◆ To do
Copy every record verbatim but exclude the pictures.

◆ Supplied records
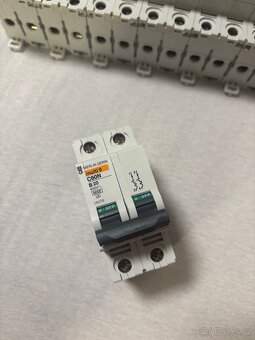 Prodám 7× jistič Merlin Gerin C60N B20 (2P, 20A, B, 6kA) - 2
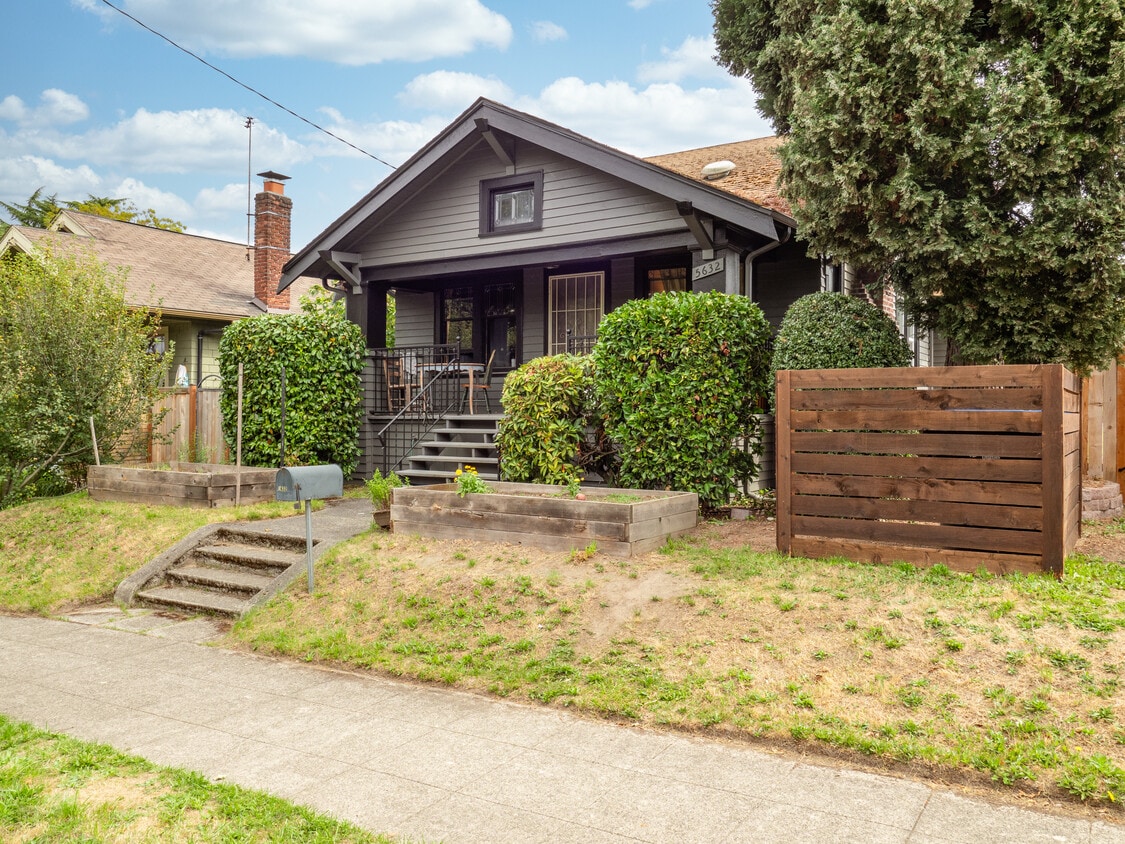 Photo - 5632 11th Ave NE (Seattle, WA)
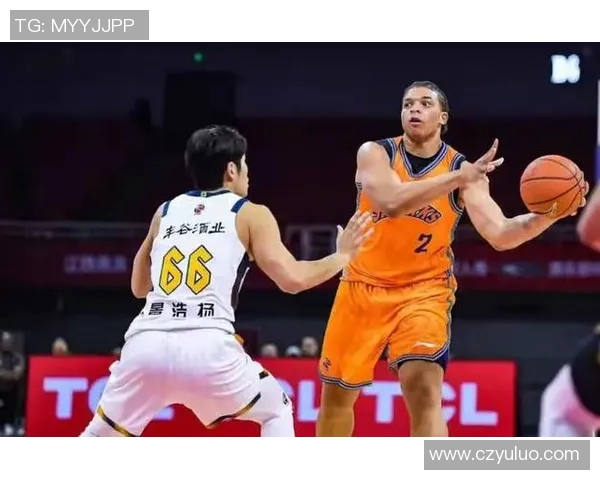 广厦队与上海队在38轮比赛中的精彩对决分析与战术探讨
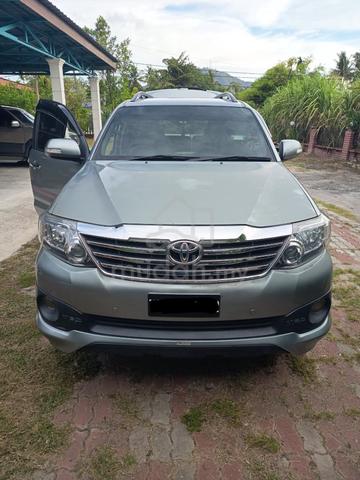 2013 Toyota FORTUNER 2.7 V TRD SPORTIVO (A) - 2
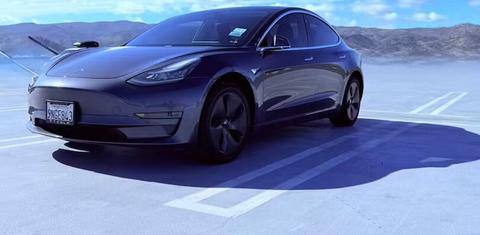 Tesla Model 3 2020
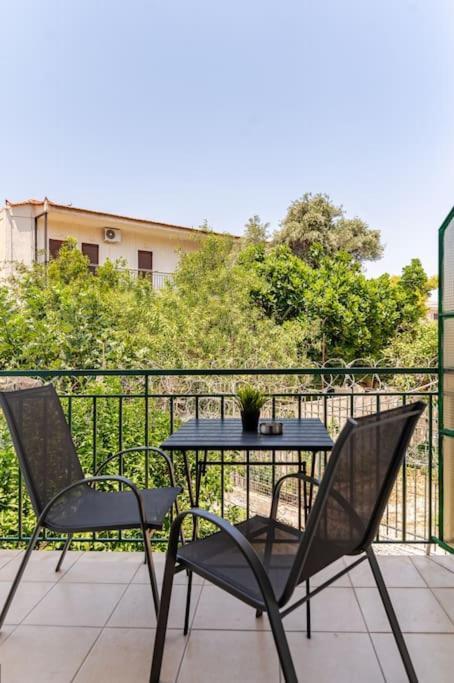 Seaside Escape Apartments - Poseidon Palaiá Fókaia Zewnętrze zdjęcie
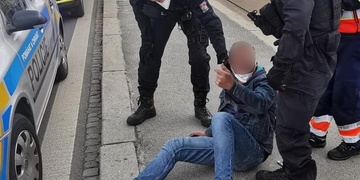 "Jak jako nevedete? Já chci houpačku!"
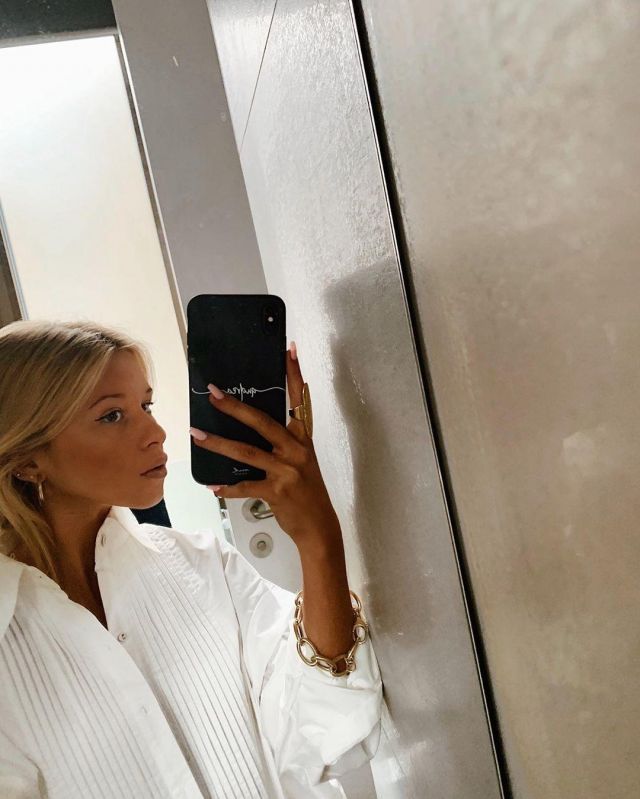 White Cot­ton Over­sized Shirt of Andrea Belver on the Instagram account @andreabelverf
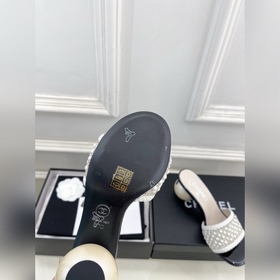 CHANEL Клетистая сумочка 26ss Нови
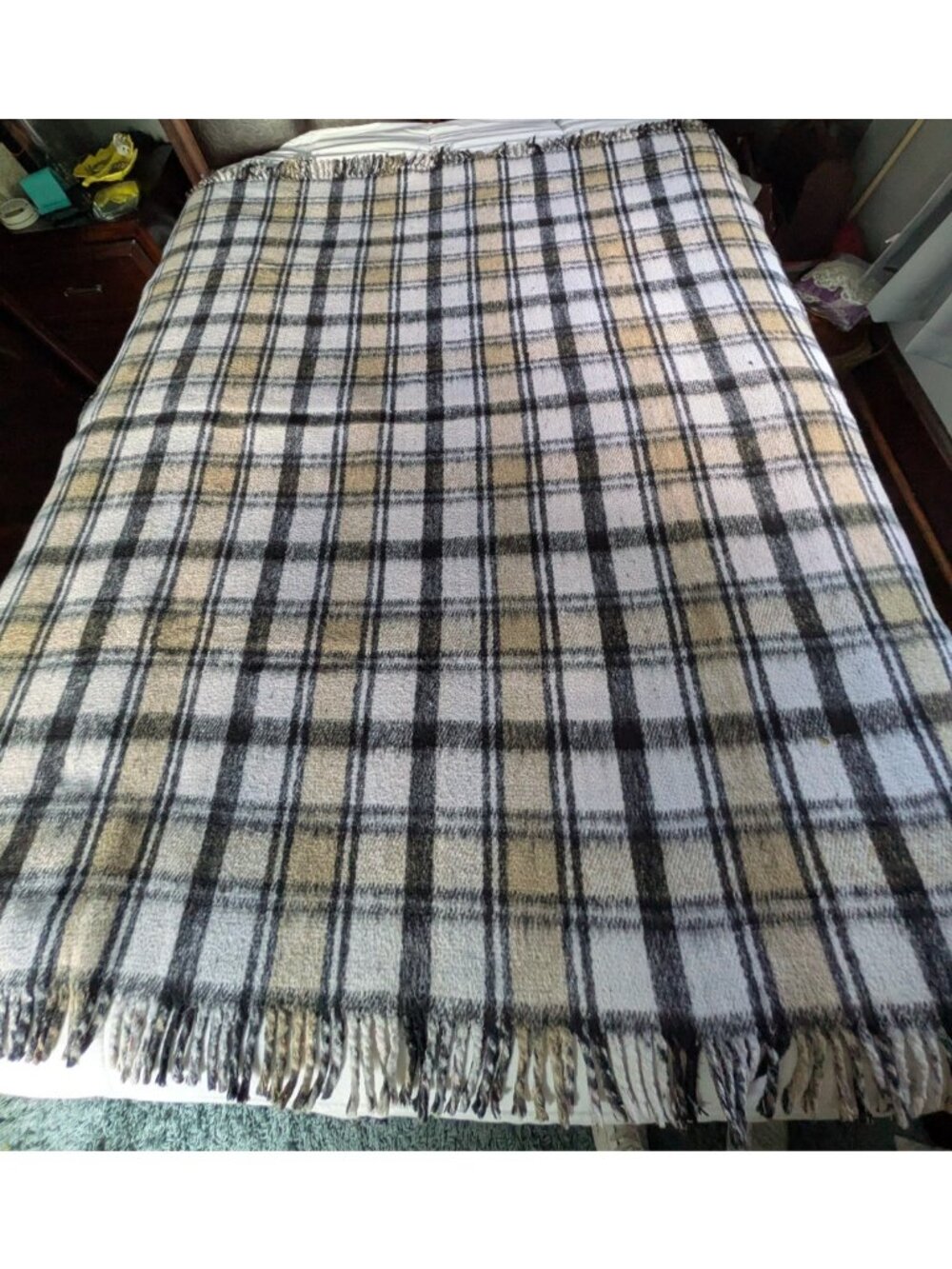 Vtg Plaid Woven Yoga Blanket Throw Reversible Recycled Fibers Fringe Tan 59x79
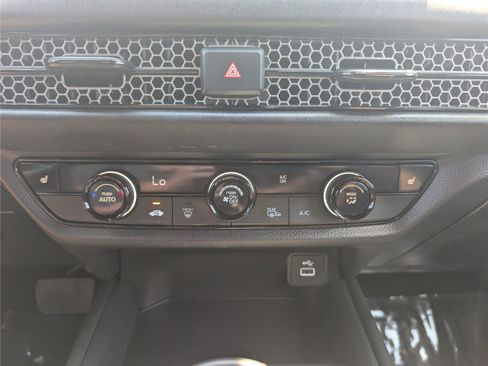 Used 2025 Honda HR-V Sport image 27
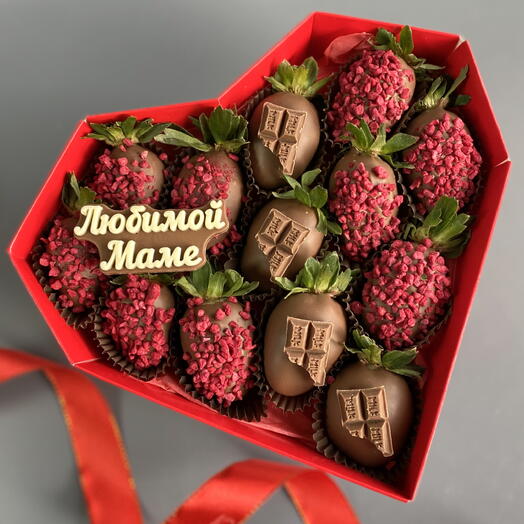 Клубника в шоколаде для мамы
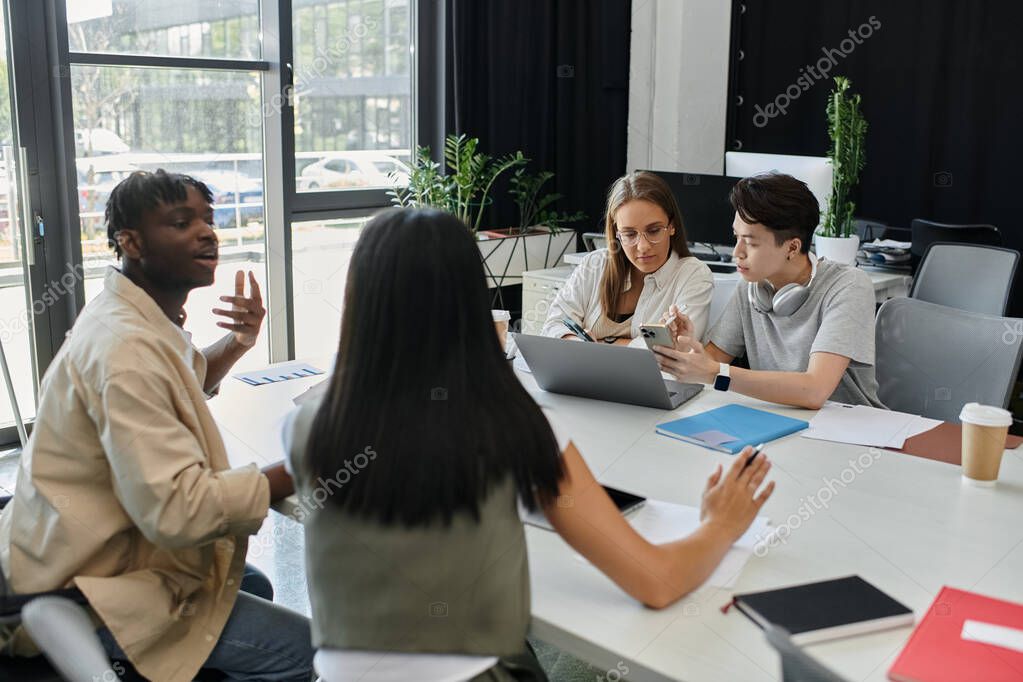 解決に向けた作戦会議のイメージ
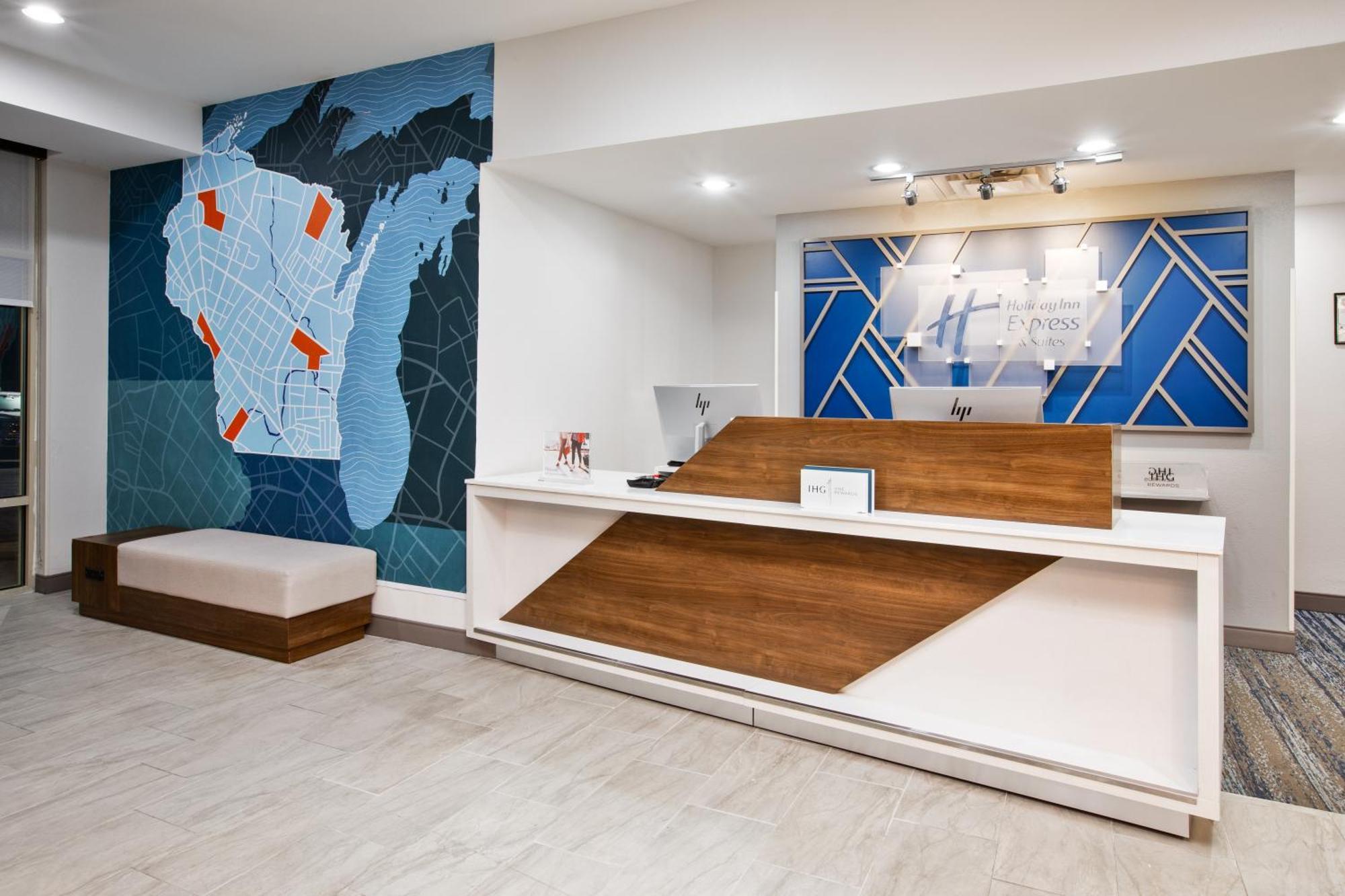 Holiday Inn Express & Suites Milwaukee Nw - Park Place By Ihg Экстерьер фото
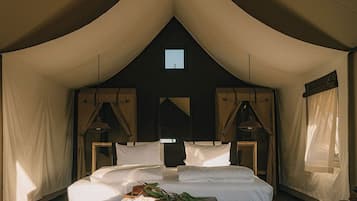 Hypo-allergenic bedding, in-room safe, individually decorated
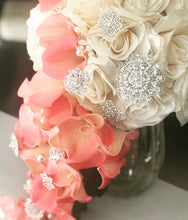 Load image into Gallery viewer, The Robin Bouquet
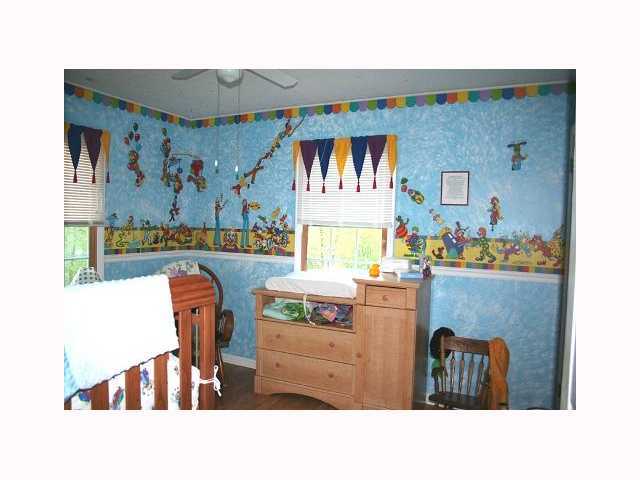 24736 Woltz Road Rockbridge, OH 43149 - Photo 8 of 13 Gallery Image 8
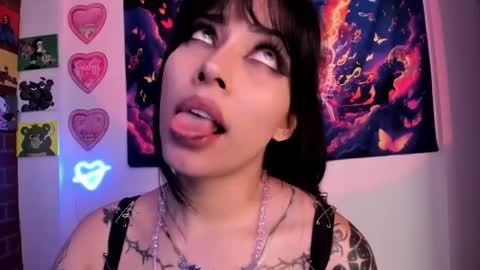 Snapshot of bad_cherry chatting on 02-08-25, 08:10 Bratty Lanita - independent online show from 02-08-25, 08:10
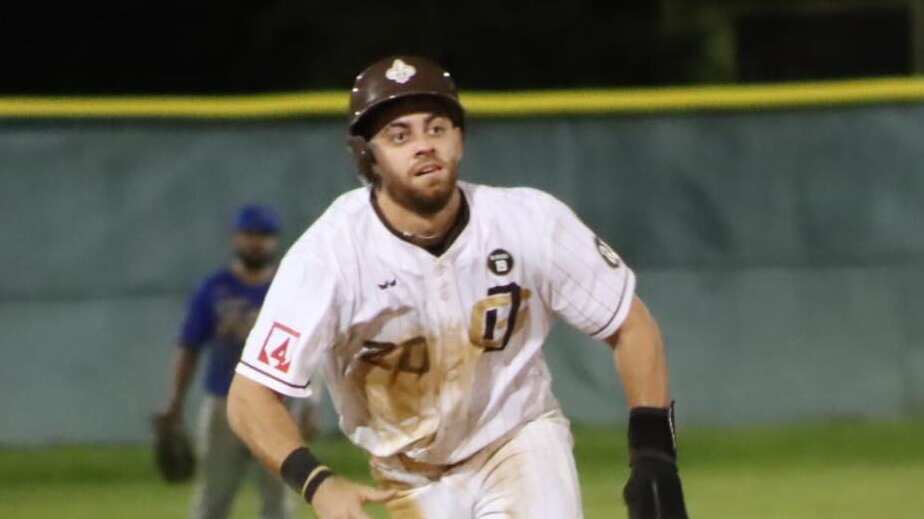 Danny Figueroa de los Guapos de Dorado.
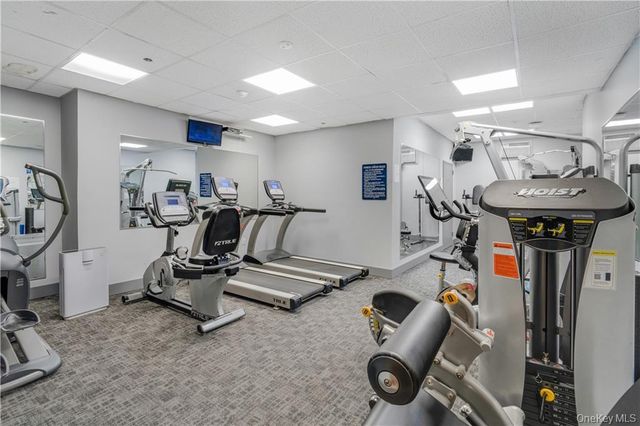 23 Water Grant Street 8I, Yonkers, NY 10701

◆ Exercise output
 Prodám 7× jistič Merlin Gerin C60N B20 (2P, 20A, B, 6kA) - 2
 Photo - 5632 11th Ave NE (Seattle, WA)
 广厦队与上海队在38轮比赛中的精彩对决分析与战术探讨
 2013 Toyota FORTUNER 2.7 V TRD SPORTIVO (A) - 2
 Tesla Model 3 2020
 Seaside Escape Apartments - Poseidon Palaiá Fókaia Zewnętrze zdjęcie
 "Jak jako nevedete? Já chci houpačku!"
 White Cot­ton Over­sized Shirt of Andrea Belver on the Instagram account @andreabelverf
 CHANEL Клетистая сумочка 26ss Нови
 Vtg Plaid Woven Yoga Blanket Throw Reversible Recycled Fibers Fringe Tan 59x79
 Used 2025 Honda HR-V Sport image 27
 Клубника в шоколаде для мамы
 解決に向けた作戦会議のイメージ
 Holiday Inn Express & Suites Milwaukee Nw - Park Place By Ihg Экстерьер фото
 Hypo-allergenic bedding, in-room safe, individually decorated
 Load image into Gallery viewer, The Robin Bouquet
 24736 Woltz Road Rockbridge, OH 43149 - Photo 8 of 13 Gallery Image 8
 Snapshot of bad_cherry chatting on 02-08-25, 08:10 Bratty Lanita - independent online show from 02-08-25, 08:10
 Danny Figueroa de los Guapos de Dorado.
 23 Water Grant Street 8I, Yonkers, NY 10701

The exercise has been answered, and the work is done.